* _EXERCISE PROMPT_:
Exclude the pictures and reproduce the remaining data exactly as written.

Web page caption snippets:
============

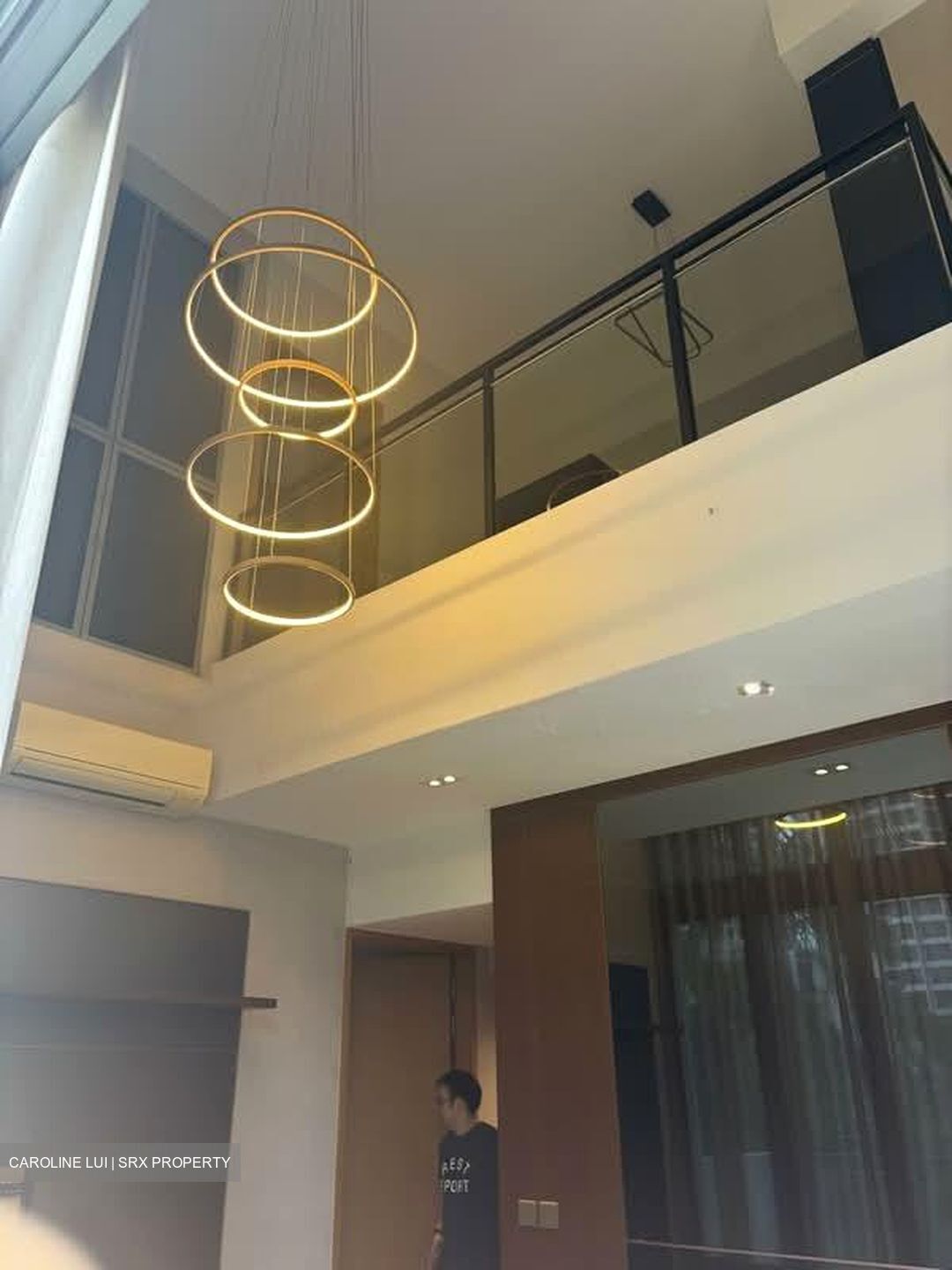 Mon Jervois (D10), Condominium #551131411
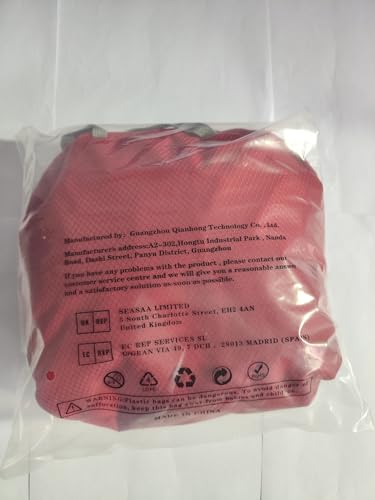 ZOMAKE 35L Compact Waterproof Hiking Backpack - Backpack Bags by Handbags Specialist Headquarter | Available at Handbags Specialist Headquarter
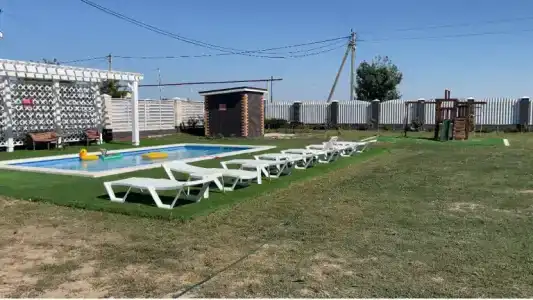Палисандр - 49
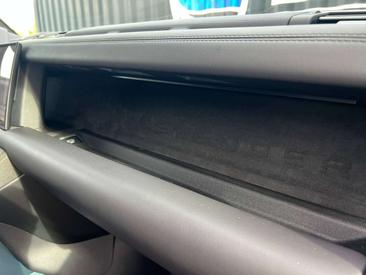 Land Rover Defender 90 V8 P425 — photo 39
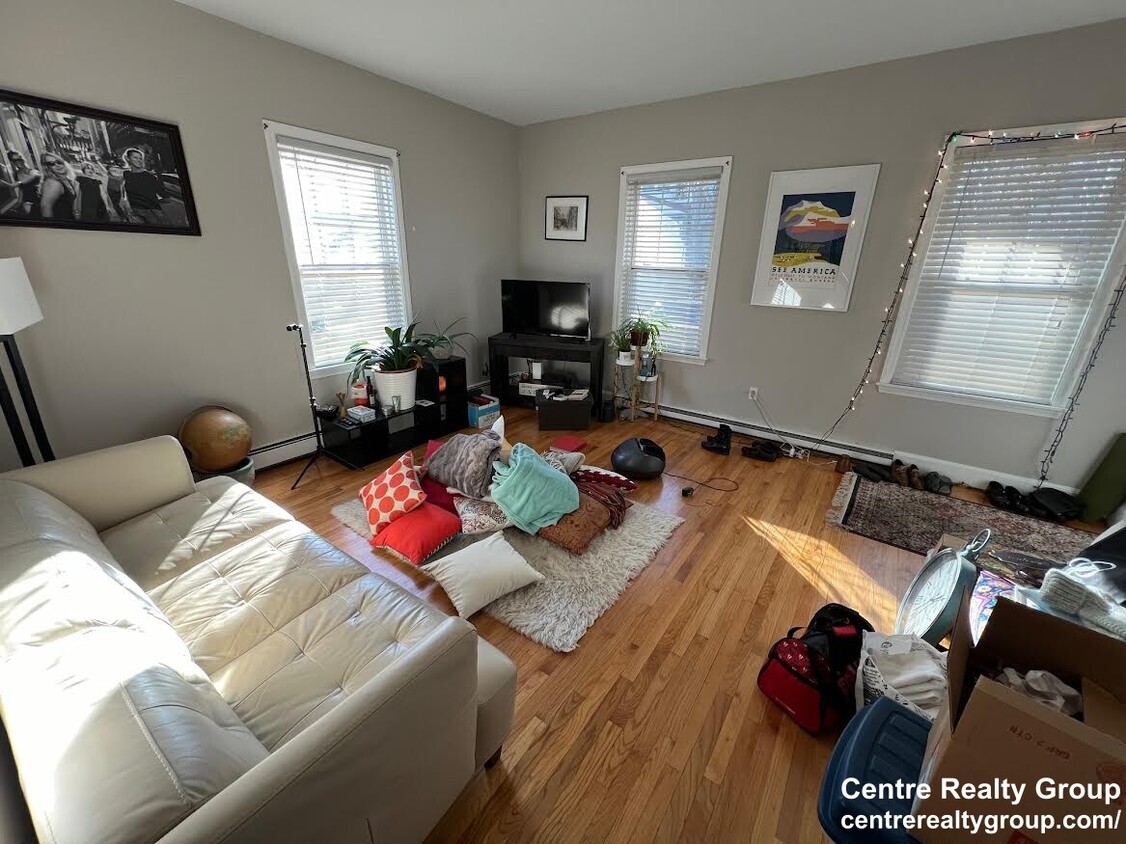 Foto principal - 168 Walnut St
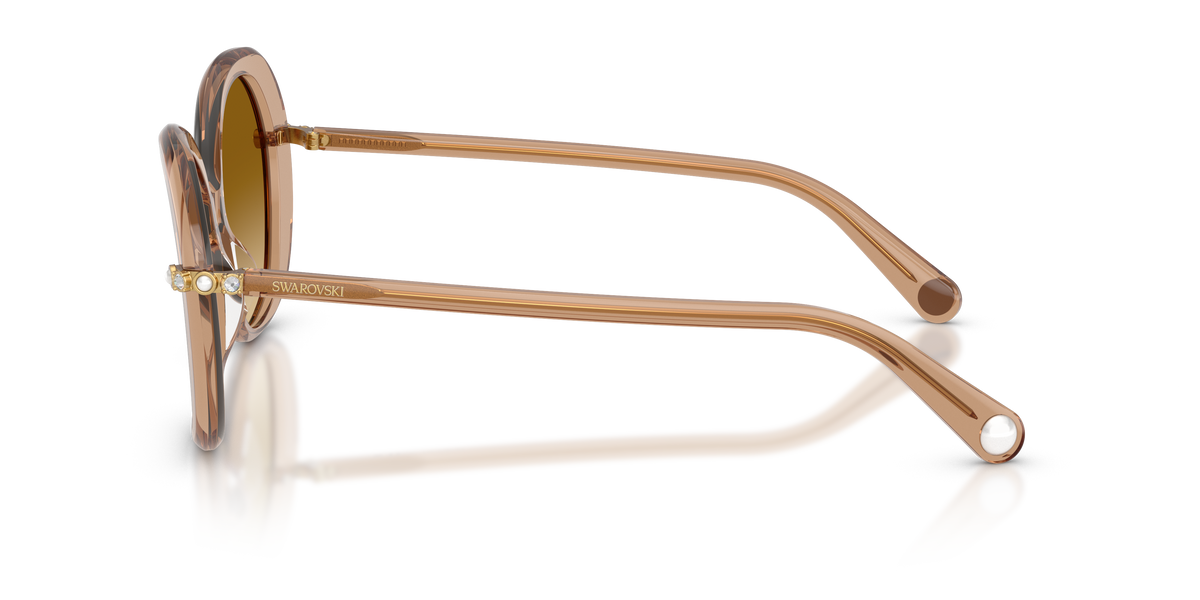 Swarovski SK6059 11243B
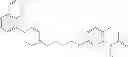 Fig. 577 - Prodrugs of NH-acidic compounds
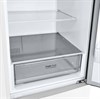 Холодильник LG GA-B459CQCL УУУУ07800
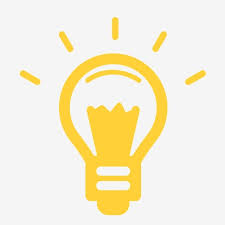 Pilih lokasi penyimpanan pada komputer anda save. Gambar Ilustrasi Kartun Cahaya Lampu Mentol Pintar Idea Bercahaya Mentol Grafik Mentol Lampu Angin Ilustrasi Kartun Pintar Png Dan Vektor Untuk Muat Turun Pe Kartun Ilustrasi Ilustrasi Kartun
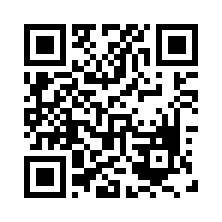 QR Code for 3E37PQq6MBs8fPRumen3QhrYa3f4Bre9AP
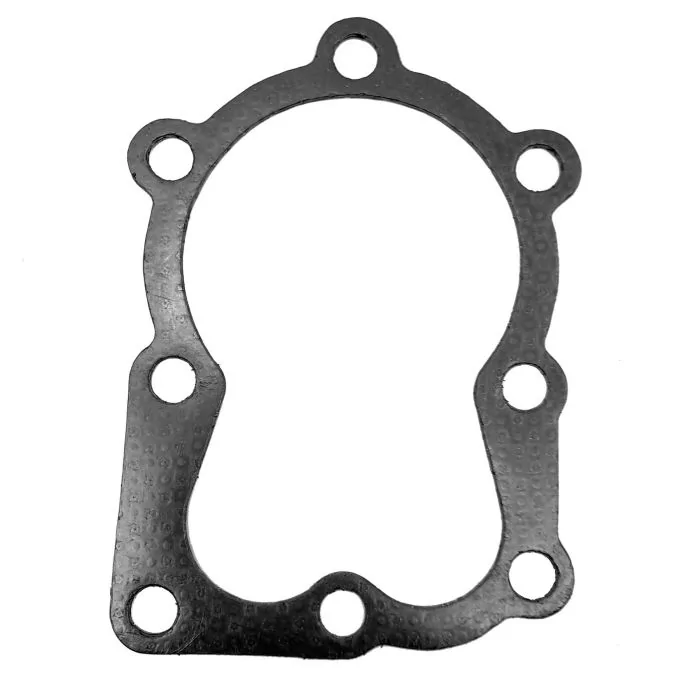 Cylinder Head Gasket for TECUMSEH LAV30, LAV35, H30, H35, TVS75, TVS90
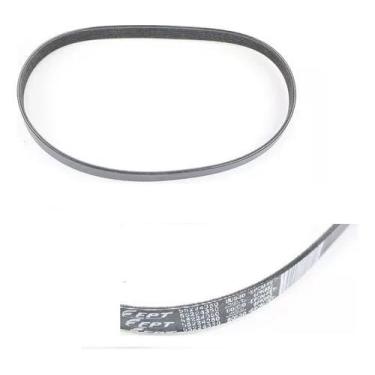 Imagem de Correia Alternador Linea, Siena, Strada Nova Original Mopar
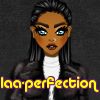 laa-perfection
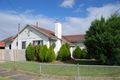 Property photo of 18 David Street Dandenong VIC 3175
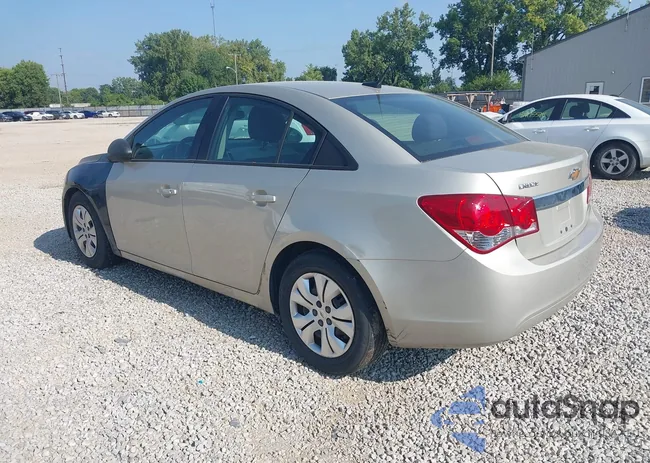 1G1PA5SH9D7172660: 42999554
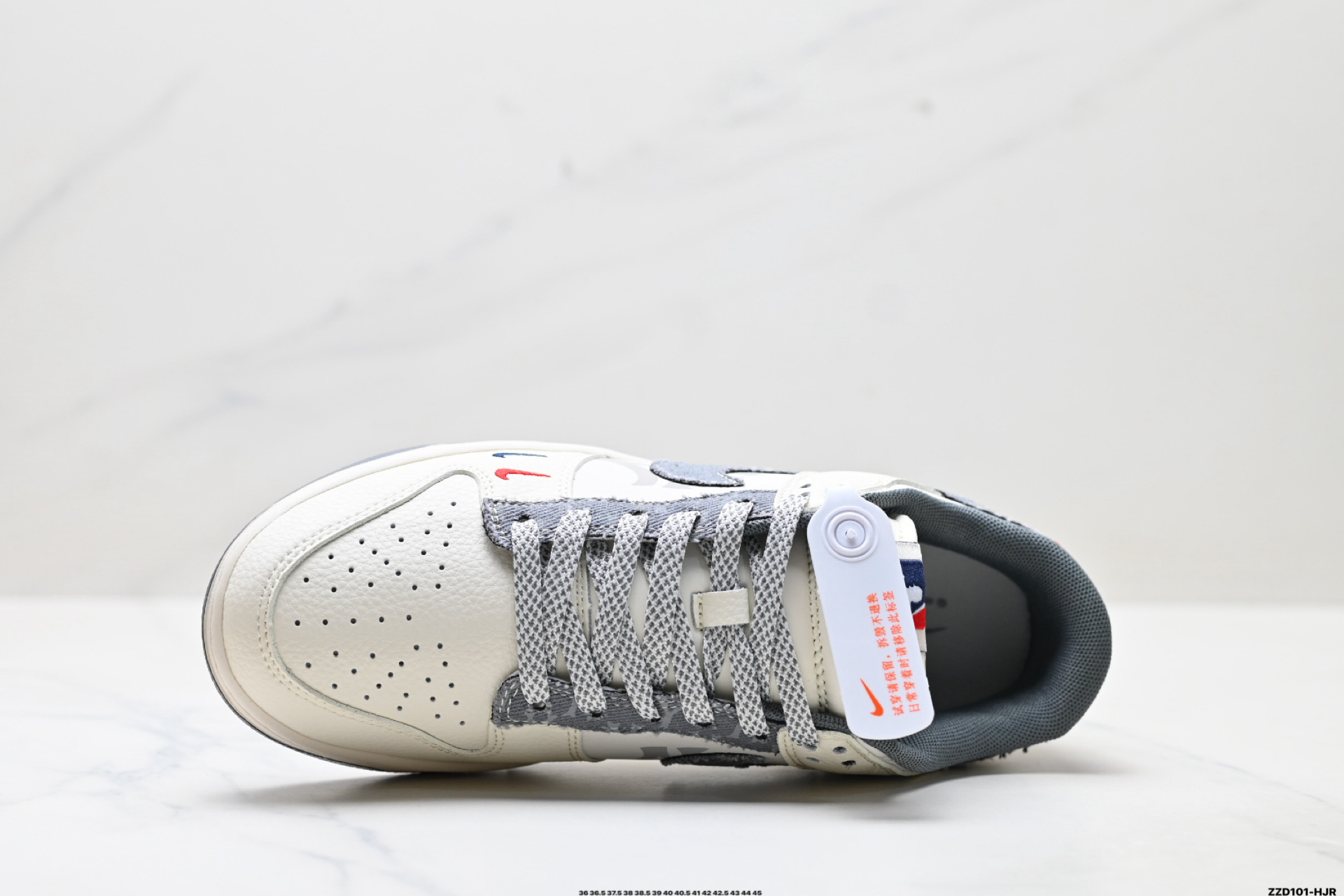 260 Nike Dunk Low Retro ‘DIY高端定制’耐克 低帮休闲运动板鞋 HS8068-055-Chinese UA Cheap High Quatity Brand Clothes Bags handbags Sneakers wholesale wholesaler seller from China Factory suppliers Fashion Clothing Shoes best Quality Beautiful Price 260 Nike Dunk Low Retro ‘DIY高端定制’耐克 低帮休闲运动板鞋 HS8068-055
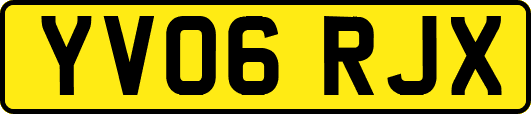 YV06RJX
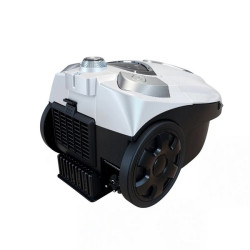 Grunhelm GVC-1703 HS ECO POWER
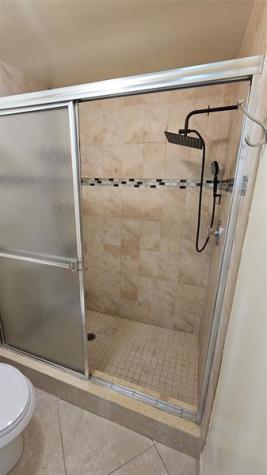 6960 SW 39th Street Davie FL 33314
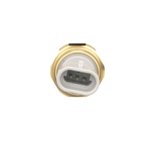 Standard Ignition AS370 Manifold Absolute Pressure Sensor - view 7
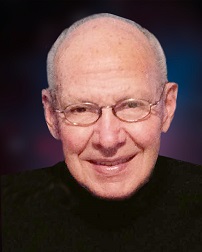Monsieur Clément Grenier (1941-2015)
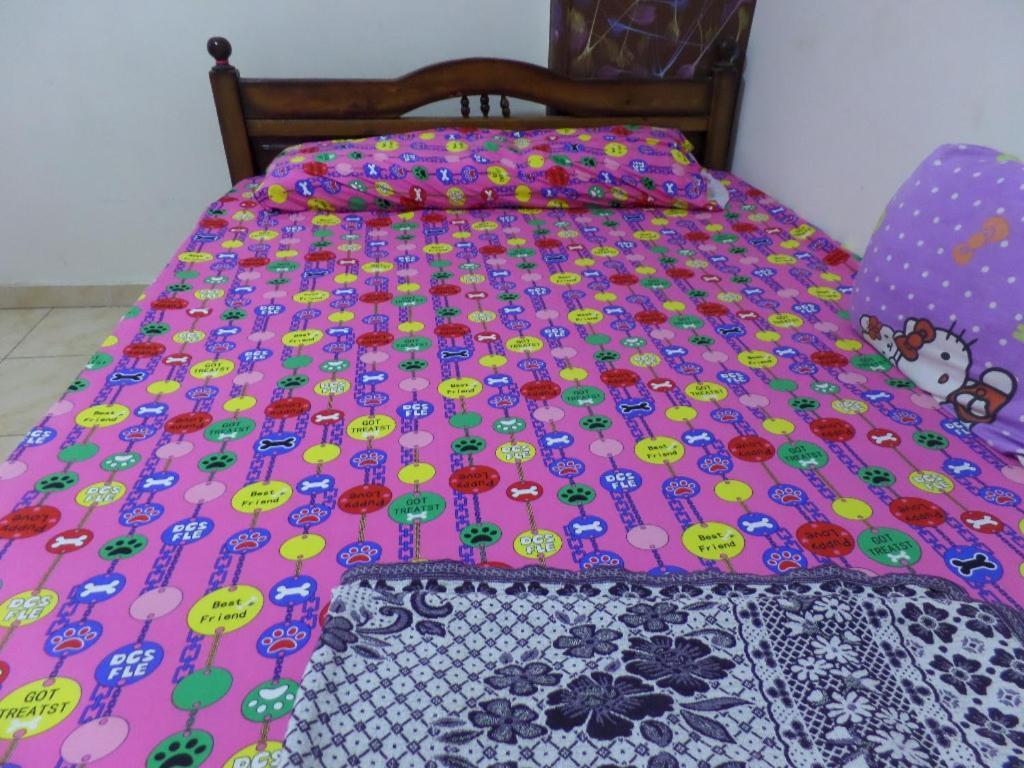 برج بيلو بيتش Appartement Alexandrie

============

* _SOLUTION TO THIS PROBLEM_:
 Mon Jervois (D10), Condominium #551131411
 ZOMAKE 35L Compact Waterproof Hiking Backpack - Backpack Bags by Handbags Specialist Headquarter | Available at Handbags Specialist Headquarter
Палисандр - 49
 Land Rover Defender 90 V8 P425 — photo 39
 Foto principal - 168 Walnut St
 Swarovski SK6059 11243B
 Fig. 577 - Prodrugs of NH-acidic compounds
 Холодильник LG GA-B459CQCL УУУУ07800
 Pilih lokasi penyimpanan pada komputer anda save. Gambar Ilustrasi Kartun Cahaya Lampu Mentol Pintar Idea Bercahaya Mentol Grafik Mentol Lampu Angin Ilustrasi Kartun Pintar Png Dan Vektor Untuk Muat Turun Pe Kartun Ilustrasi Ilustrasi Kartun
 QR Code for 3E37PQq6MBs8fPRumen3QhrYa3f4Bre9AP
 Cylinder Head Gasket for TECUMSEH LAV30, LAV35, H30, H35, TVS75, TVS90
 Imagem de Correia Alternador Linea, Siena, Strada Nova Original Mopar
 laa-perfection
 Property photo of 18 David Street Dandenong VIC 3175
 1G1PA5SH9D7172660: 42999554
 260 Nike Dunk Low Retro ‘DIY高端定制’耐克 低帮休闲运动板鞋 HS8068-055-Chinese UA Cheap High Quatity Brand Clothes Bags handbags Sneakers wholesale wholesaler seller from China Factory suppliers Fashion Clothing Shoes best Quality Beautiful Price 260 Nike Dunk Low Retro ‘DIY高端定制’耐克 低帮休闲运动板鞋 HS8068-055
 YV06RJX
 Grunhelm GVC-1703 HS ECO POWER
 6960 SW 39th Street Davie FL 33314
 Standard Ignition AS370 Manifold Absolute Pressure Sensor - view 7
Monsieur Clément Grenier (1941-2015)
 برج بيلو بيتش Appartement Alexandrie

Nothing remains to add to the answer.